Last week, two graduate students in Rinard’s group, Michael Carbin and Sasa Misailovic, presented the new system at the Association for Computing Machinery’s Object-Oriented Programming, Systems, Languages and Applications conference, where their paper, co-authored with Rinard, won one a best-paper award.
On the dot
The researchers’ system, which they’ve dubbed Rely, begins with a specification of the hardware on which a program is intended to run. That specification includes the expected failure rates of individual low-level instructions, such as the addition, multiplication, or comparison of two values. In its current version, Rely assumes that the hardware also has a failure-free mode of operation — one that might require slower execution or higher power consumption.
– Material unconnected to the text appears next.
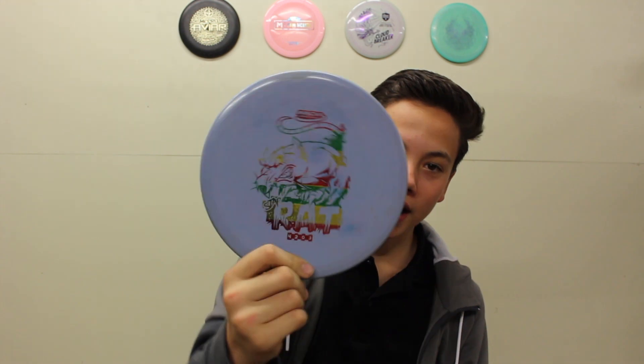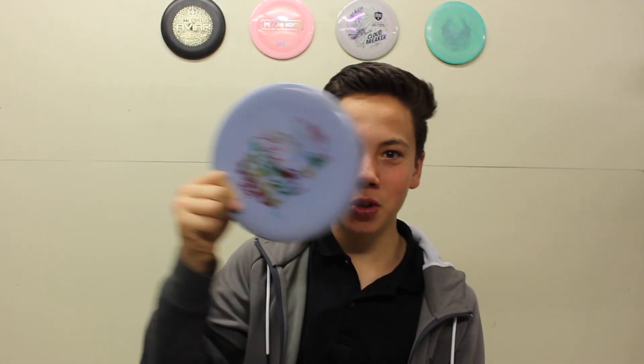What is up guys, in today's video we're finally reviewing the Rat — let's get into it. Shout out to Disc Golf Kid, he recommended this disc and said we should review it — we'll put that comment right here. So yeah, it's the Rat.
A developer who thinks that a particular program instruction can tolerate a little error simply adds a period — a “dot,” in programmers’ parlance — to the appropriate line of code. So the instruction “total = total + new_value” becomes “total = total +. new_value.” Where Rely encounters that telltale dot, it knows to evaluate the program’s execution using the failure rates in the specification. Otherwise, it assumes that the instruction needs to be executed properly.
Compilers — applications that convert instructions written in high-level programming languages like C or Java into low-level instructions intelligible to computers — typically produce what’s called an “intermediate representation,” a generic low-level program description that can be straightforwardly mapped onto the instruction set specific to any given chip. Rely simply steps through the intermediate representation, folding the probability that each instruction will yield the right answer into an estimation of the overall variability of the program’s output.
“One thing you can have in programs is different paths that are due to conditionals,” Misailovic says. “When we statically analyze the program, we want to make sure that we cover all the bases. When you get the variability for a function, this will be the variability of the least-reliable path.”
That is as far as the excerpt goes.